| YOUR OBJECTIVE |
Output every line below exactly, please, omitting pictures.

| DATASET EXCERPT |

---------------

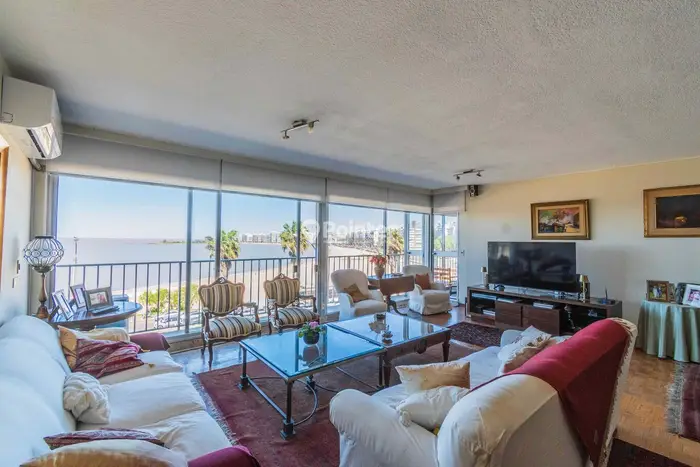 Apartamento en Rambla Pocitos con vista al mar, 3 dormitorios + servicio y garage
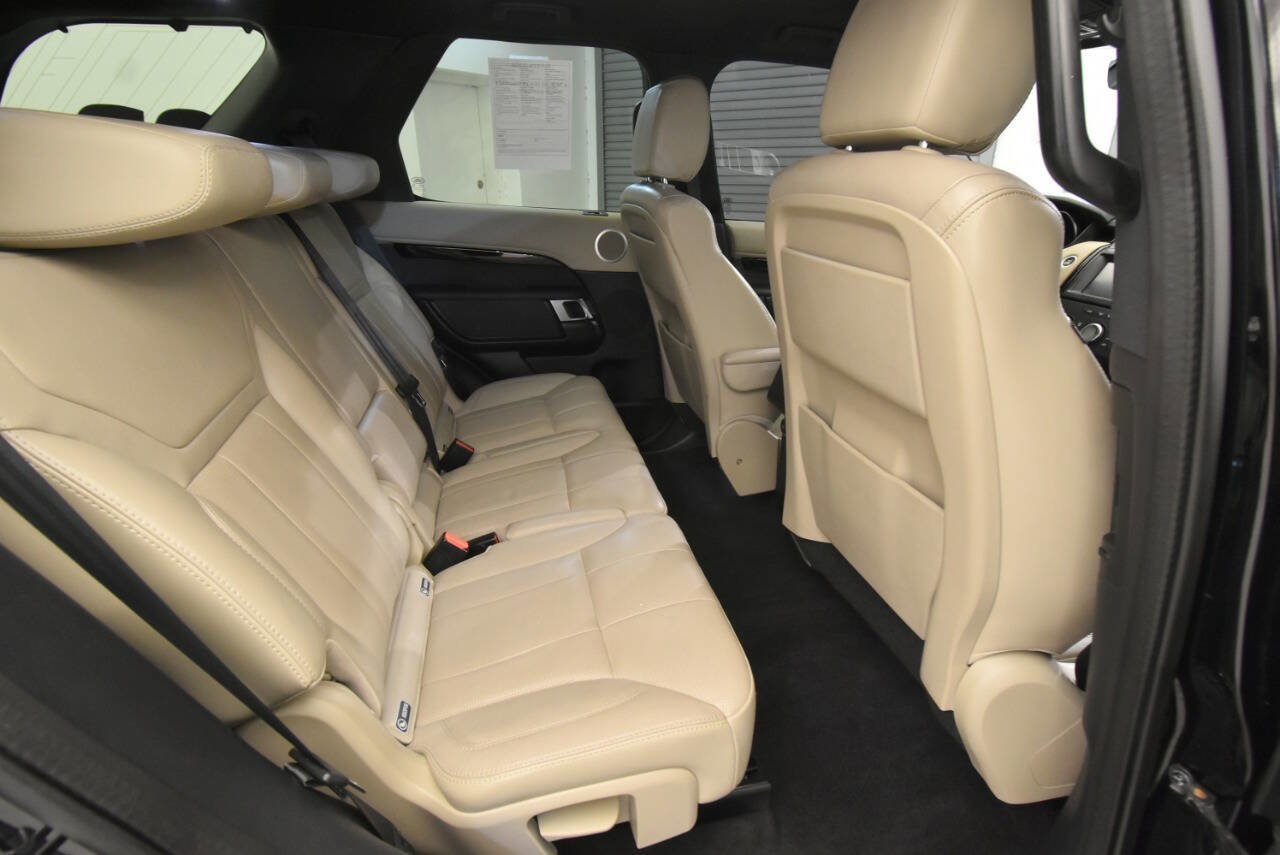 Used 2020 Land Rover Discovery SE AWD/4WD image 18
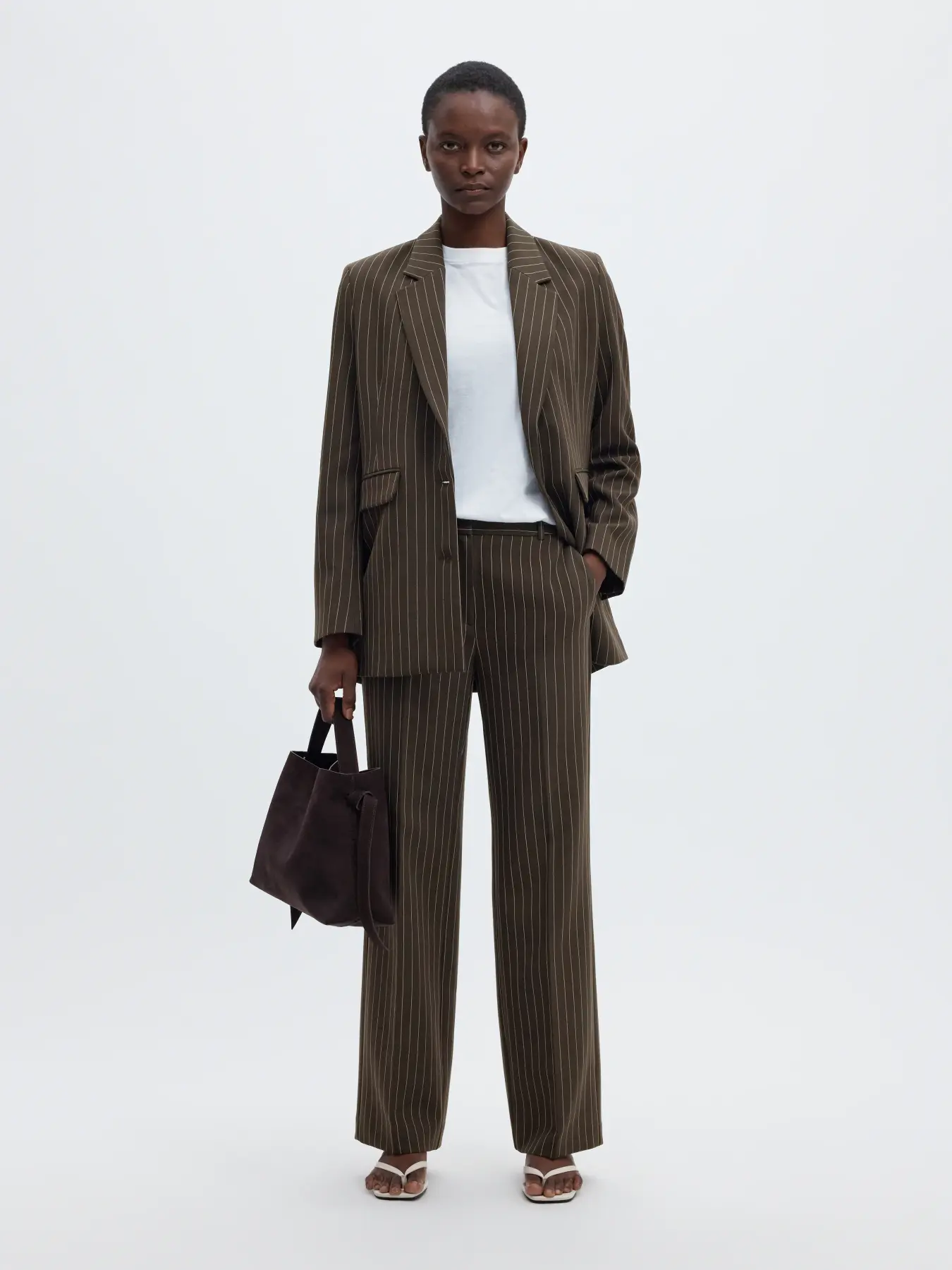 https://images.femalesconceptstore.becosoft.net/articles/slwritapantpinstripe3.webp?height=150&width=150&scale=canvas&qs=6837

---------------

| TASK RESPONSE |
 Apartamento en Rambla Pocitos con vista al mar, 3 dormitorios + servicio y garage
 Used 2020 Land Rover Discovery SE AWD/4WD image 18
 https://images.femalesconceptstore.becosoft.net/articles/slwritapantpinstripe3.webp?height=150&width=150&scale=canvas&qs=6837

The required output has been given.